STUDY MATERIAL:

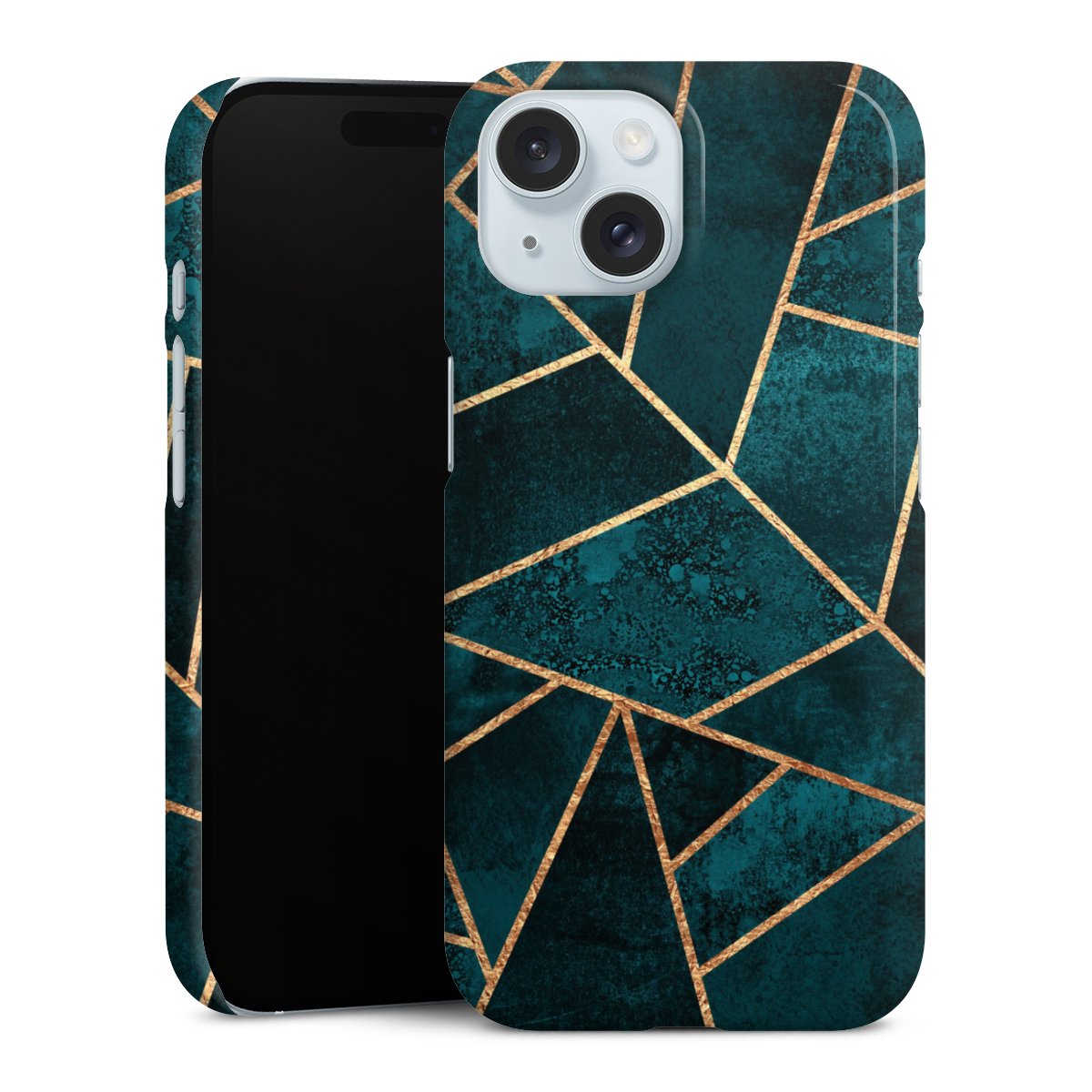 Tief Blaugrün Stein Gold Druck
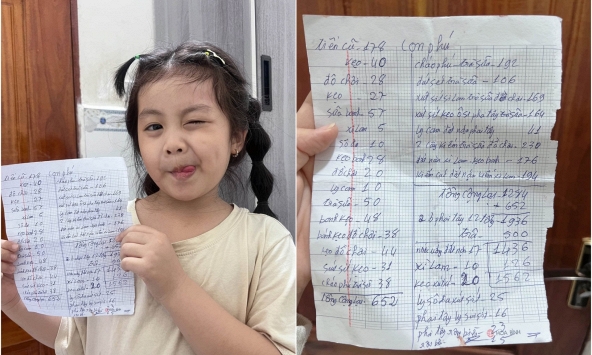 Ngày đầu tiên đi học lớp 1, bé gái mang về tờ 'giấy nợ' 1,6 triệu đồng từ bà bán tạp hóa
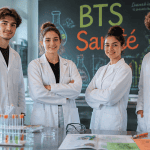 Jeunes en BTS dans la santé en blouse devant matériel de laboratoire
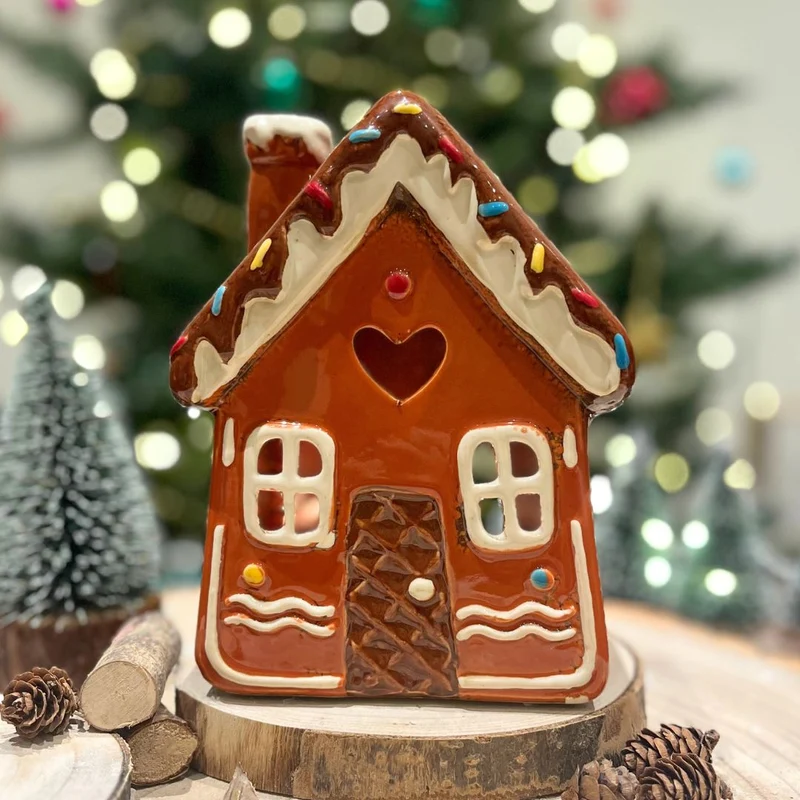 Ceramic Gingerbread House Christmas Tealight Holder | Festive Candle Ornament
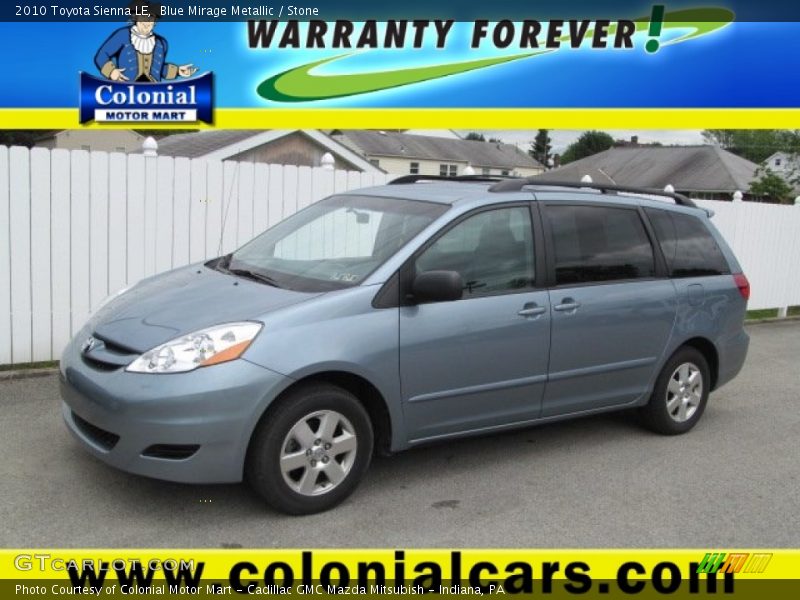 Blue Mirage Metallic / Stone 2010 Toyota Sienna LE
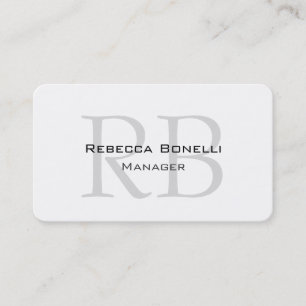Rounded White Grey Monogram Manager Business Card
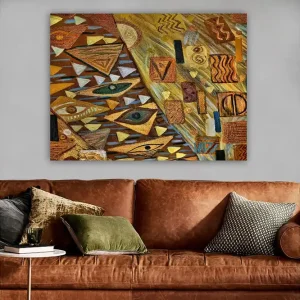 Trygg betalning Canvastavla 70x100 cm - Abstrakt komposition med geometriska former och ögonmotiv i varma jordtoner Guld / Brun / Beige - Inredning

EXERCISE DIRECTIONS: Restate the records above in full, word for word. Keep pictures out.

EXERCISE OUTPUT:
 Tief Blaugrün Stein Gold Druck
 Ngày đầu tiên đi học lớp 1, bé gái mang về tờ 'giấy nợ' 1,6 triệu đồng từ bà bán tạp hóa
 Jeunes en BTS dans la santé en blouse devant matériel de laboratoire
 Ceramic Gingerbread House Christmas Tealight Holder | Festive Candle Ornament
 Blue Mirage Metallic / Stone 2010 Toyota Sienna LE
Rounded White Grey Monogram Manager Business Card
 Trygg betalning Canvastavla 70x100 cm - Abstrakt komposition med geometriska former och ögonmotiv i varma jordtoner Guld / Brun / Beige - Inredning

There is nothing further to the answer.